**ASSIGNED TASK**
Exactly as they appear, please output the lines from the one with "Flota de furgonetas" through the end of the material, without pictures.

**GIVEN DATA**
▬▬▬▬▬▬▬▬▬▬
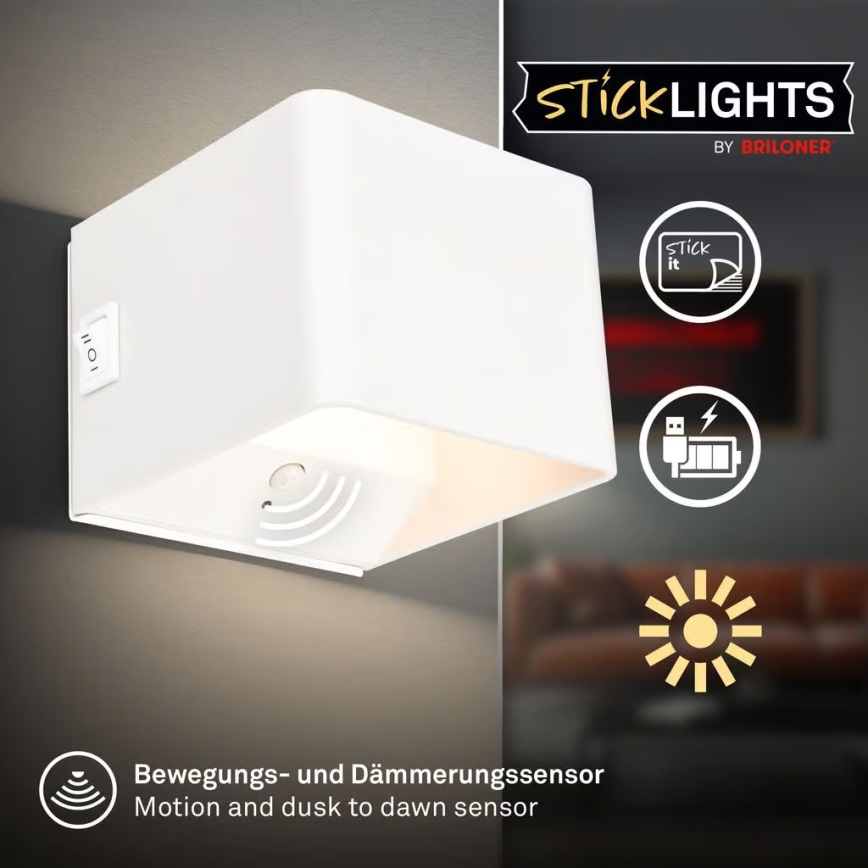 Briloner 3879016 - Lampada da parete LED ricaricabile con sensore BORRA LED 1,5 W / 5 V, 3600 mAh, bianca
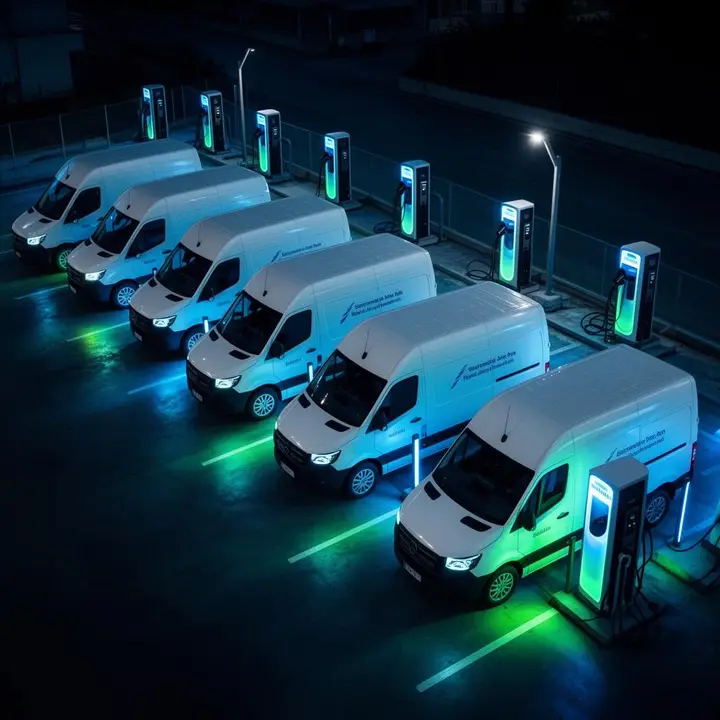 Flota de furgonetas eléctricas blancas cargando en cargadores rápidos industriales de noche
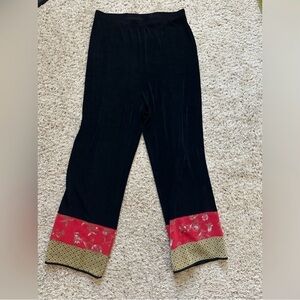 Softwear By Mark Singer Embellished Black Pin On Stretch Pants XL Vintage USA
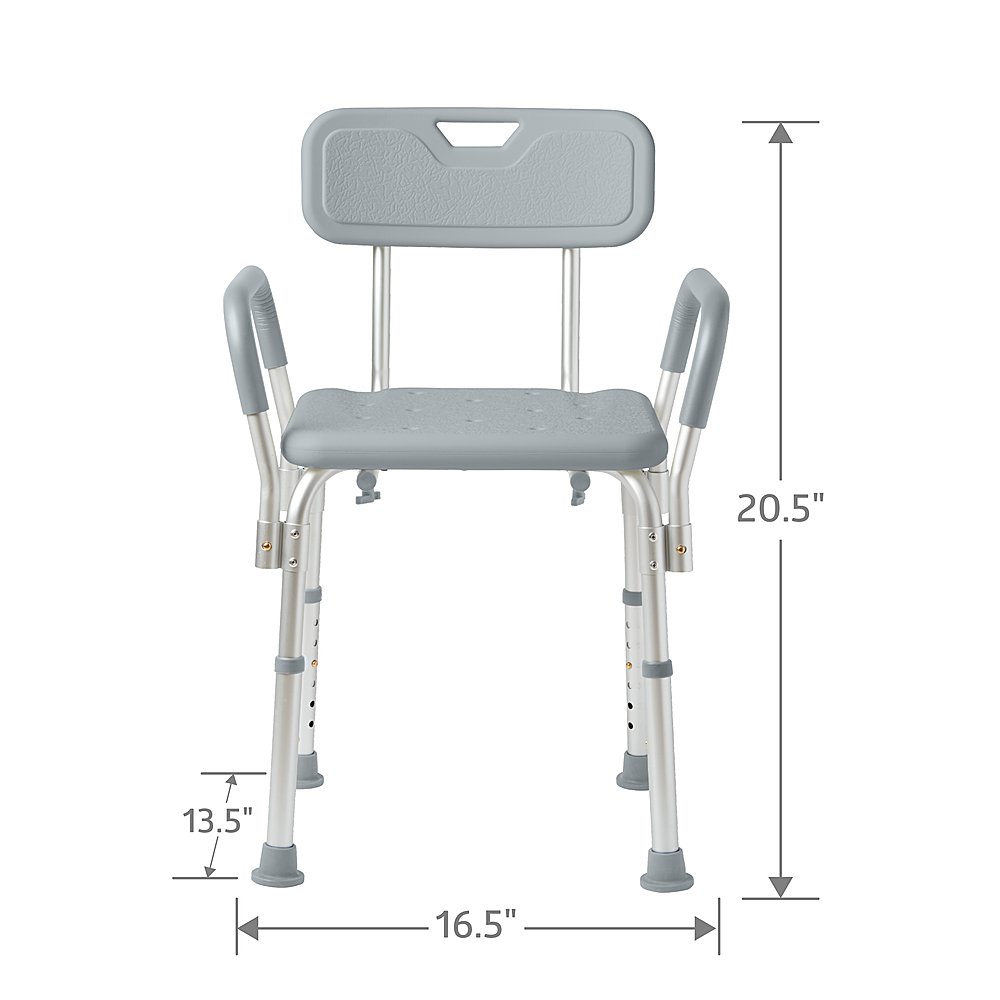 2026 Medline – Shower Chair with Back and Padded Arms – gray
▬▬▬▬▬▬▬▬▬▬
**TASK OUTPUT**
 Flota de furgonetas eléctricas blancas cargando en cargadores rápidos industriales de noche
 Softwear By Mark Singer Embellished Black Pin On Stretch Pants XL Vintage USA
 2026 Medline – Shower Chair with Back and Padded Arms – gray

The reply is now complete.